*Instructions to follow:* Required from the data below: the exact lines starting at the line containing "Ascent Energy provides a team of over 50" and ending at the line containing "DIY 3D Metal", with both ends kept and all pictures dropped.

*Task material:*
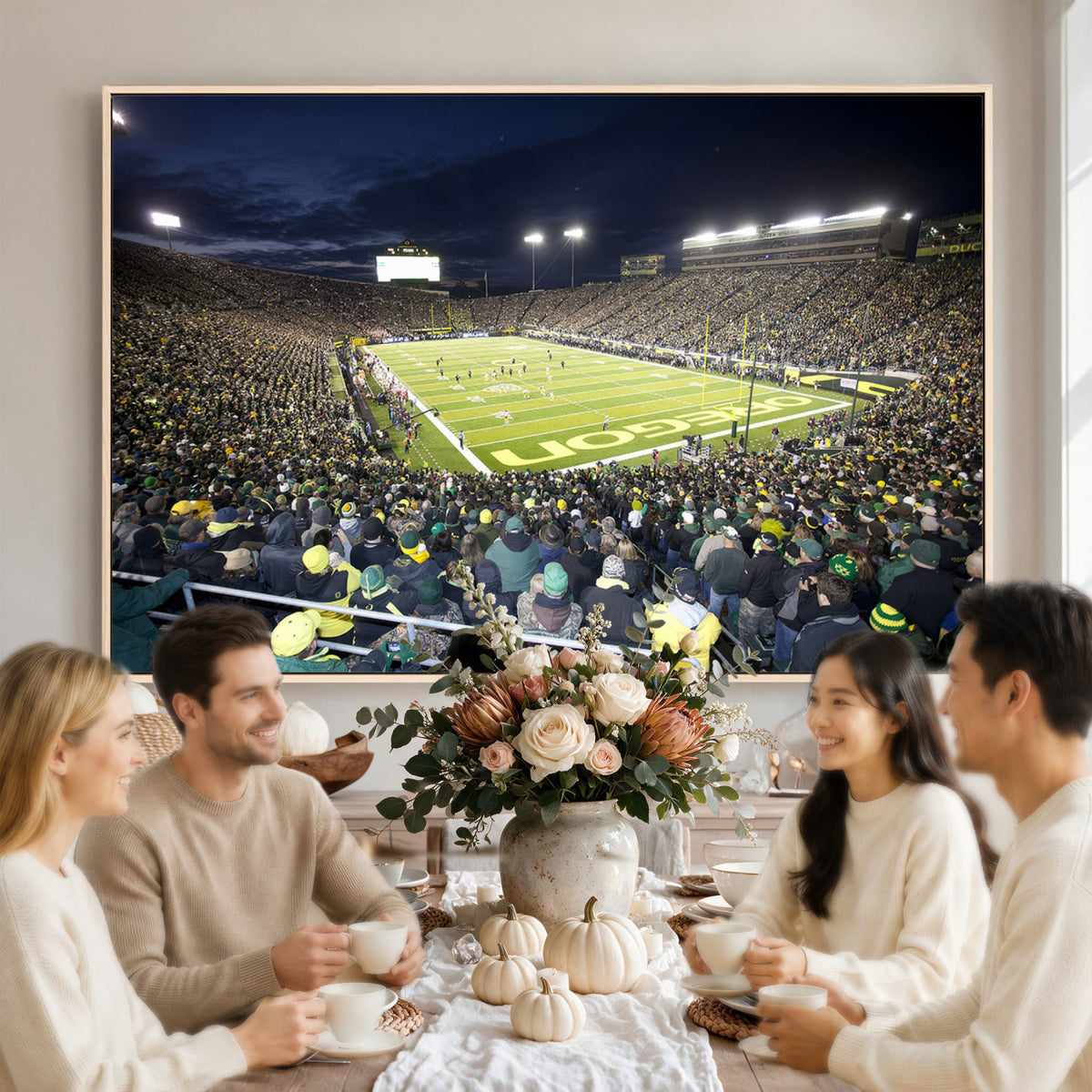 48756-PAN-FL-20X10 - University of Oregon Ducks Football Team Print - Eugene Autzen Stadium Wall Art Canvas Print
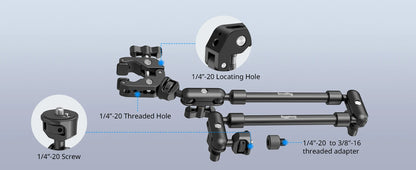SmallRig Desktop Shooting Magic Arm with Crab Clamp Kit, Adjustable Magic Arm for Smartphones, Webcams and Action Cameras 4766
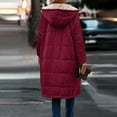 thumbnail image 5 of Dwralegc Long Winter Coats for Women Warm Sherpa Long Jacket Reversible Fleece Overcoats Shearling Fleece Jackets Outerwear Puffer with Hood Thick Coats Wine L, 5 of 9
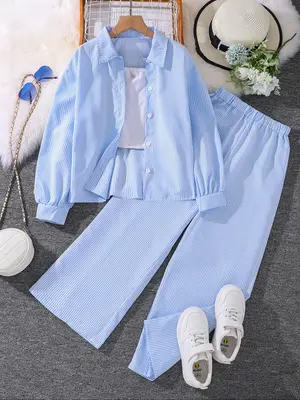 Two-piece Set Girl's Striped Print Button Front Blouse & Wide Leg Pants Set, Elegant Long Sleeve Collared Top & Trousers for ...
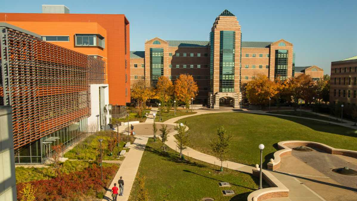 View of the Beckman Institute from the quad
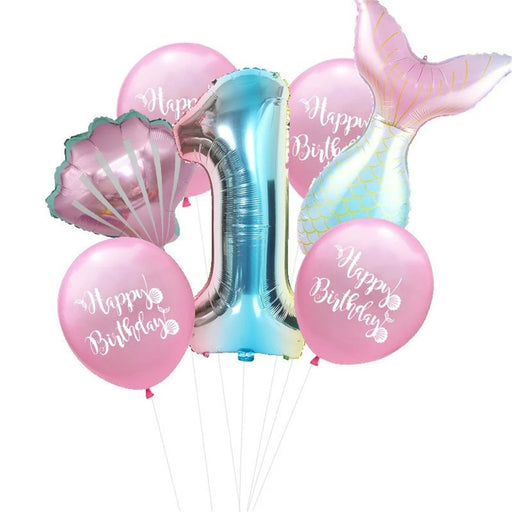 Birthday Party Mermaid Balloons Garland Set for Kids Baby Shower Decor Ocean Themed Decoration - Pink/1 - 1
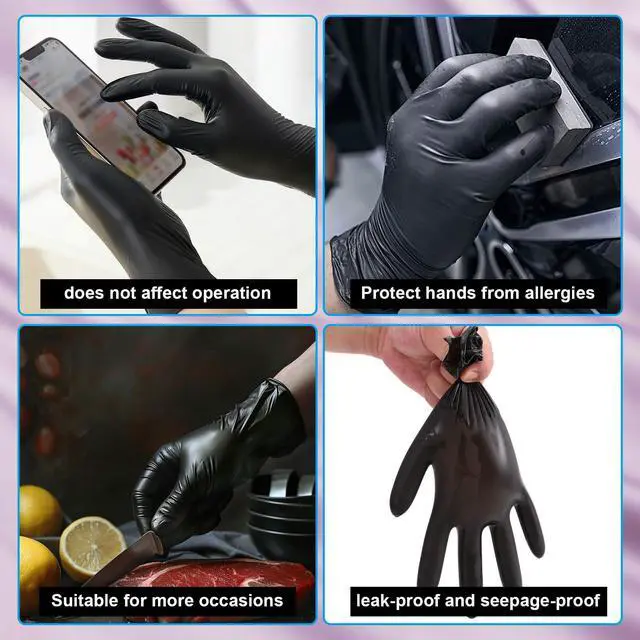 Alt view image 7 of 7 - Ultra-Thick Black Gloves for Kitchen & Cleaning - 100PK Disposable, Food Safe, Chemical Resistant - Heavy-Duty Rubber Gloves for Handling, Sanitation & Safety - Latex-Free, Durable & Comfy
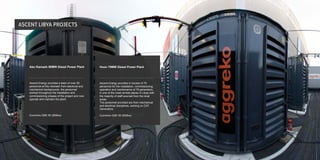 ASCENT LIBYA PROJECTS
Hoon 70MW Diesel Power Plant
Ascent Energy provides in excess of 70
personnel for the installation, commissioning,
operation and maintenance of 79 generators,
in one of the most remote places in Libya with
the majority of staff sourced from the local
areas.
The personnel provided are from mechanical
and electrical disciplines, working on CAT
Generators.
Cummins QSK 50 (950kw)
Abu Kamash 50MW Diesel Power Plant
Ascent Energy provides a team of over 50
personnel at Abu Kamash from electrical and
mechanical backgrounds, the personnel
worked throughout the installation and
commissioning phases of the project and now
operate and maintain the plant.
Cummins QSK 50 (950kw)
 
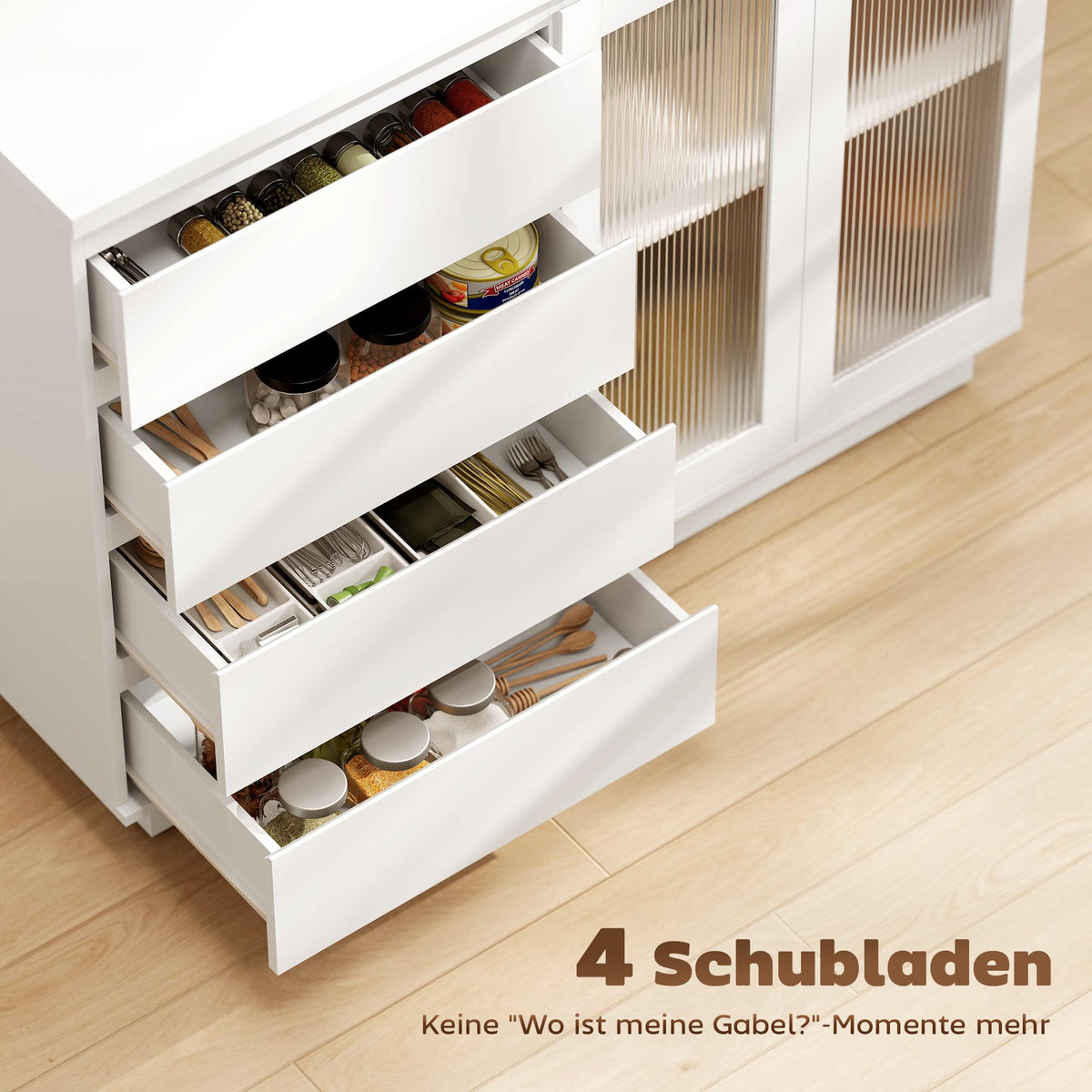 Sideboard mit 4 Schubladen und Glastüren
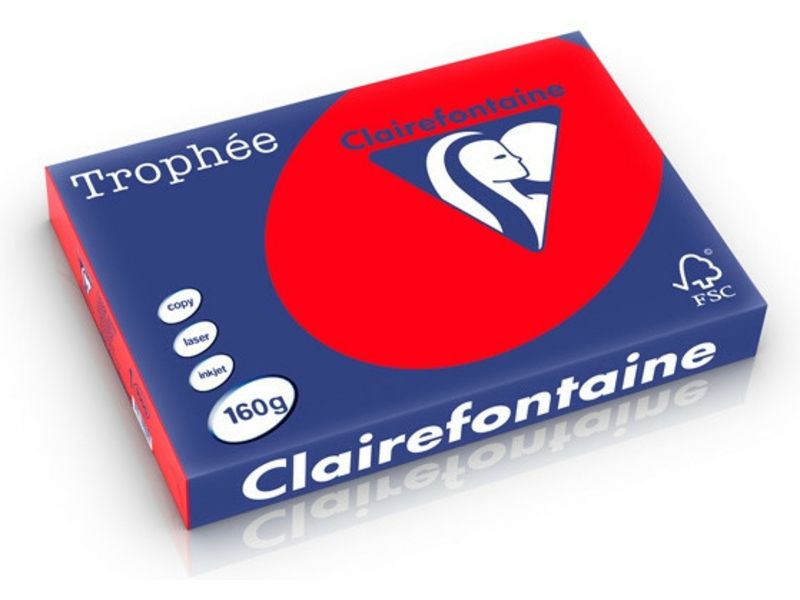 Clairefontaine Korallenrot A3 Farbiges Papier 160 g/m² (250 Blatt)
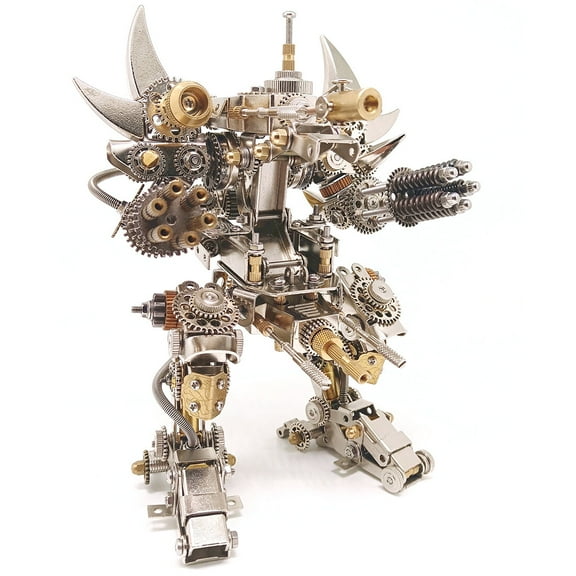 DIY 3D Metal Mecha Model Kit with Tools – Mechanical Stainless Steel Handmade Assembly Robot Figure, Steampunk Collectible Display Model for Adults and Teens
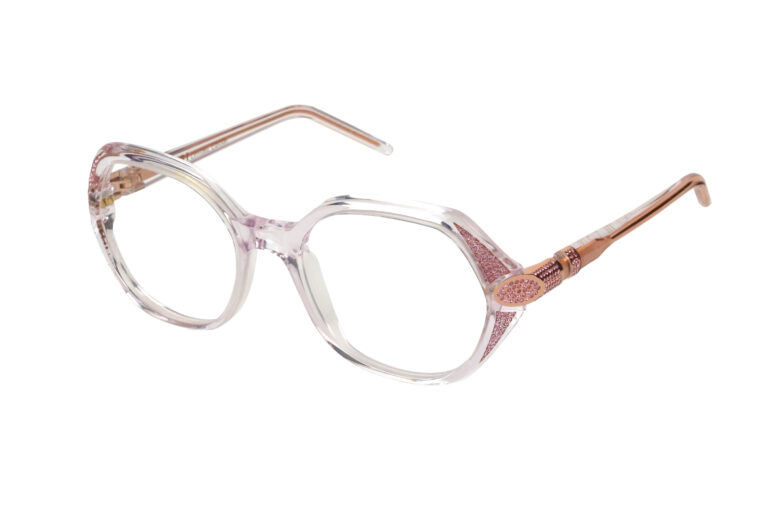 CRISTINA Limited Edition c.989 Translucent light pink with rose gold jewel component and light rose crystals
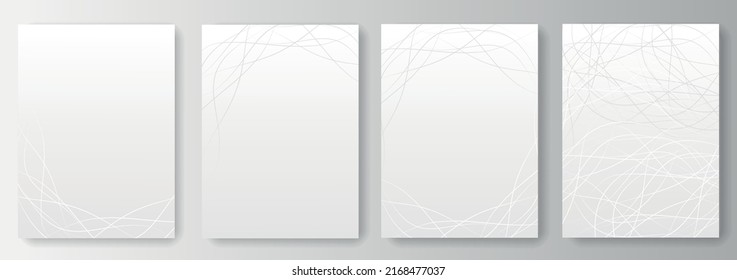 Colección de fondo gris blanco con ondas de líneas abstractas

*Output below:*
Ascent Energy provides a team of over 50
personnel at Abu Kamash from electrical and
mechanical backgrounds, the personnel
worked throughout the installation and
commissioning phases of the project and now
operate and maintain the plant.
Cummins QSK 50 (950kw)
 
 Sideboard mit 4 Schubladen und Glastüren
 Clairefontaine Korallenrot A3 Farbiges Papier 160 g/m² (250 Blatt)
 DIY 3D Metal Mecha Model Kit with Tools – Mechanical Stainless Steel Handmade Assembly Robot Figure, Steampunk Collectible Display Model for Adults and Teens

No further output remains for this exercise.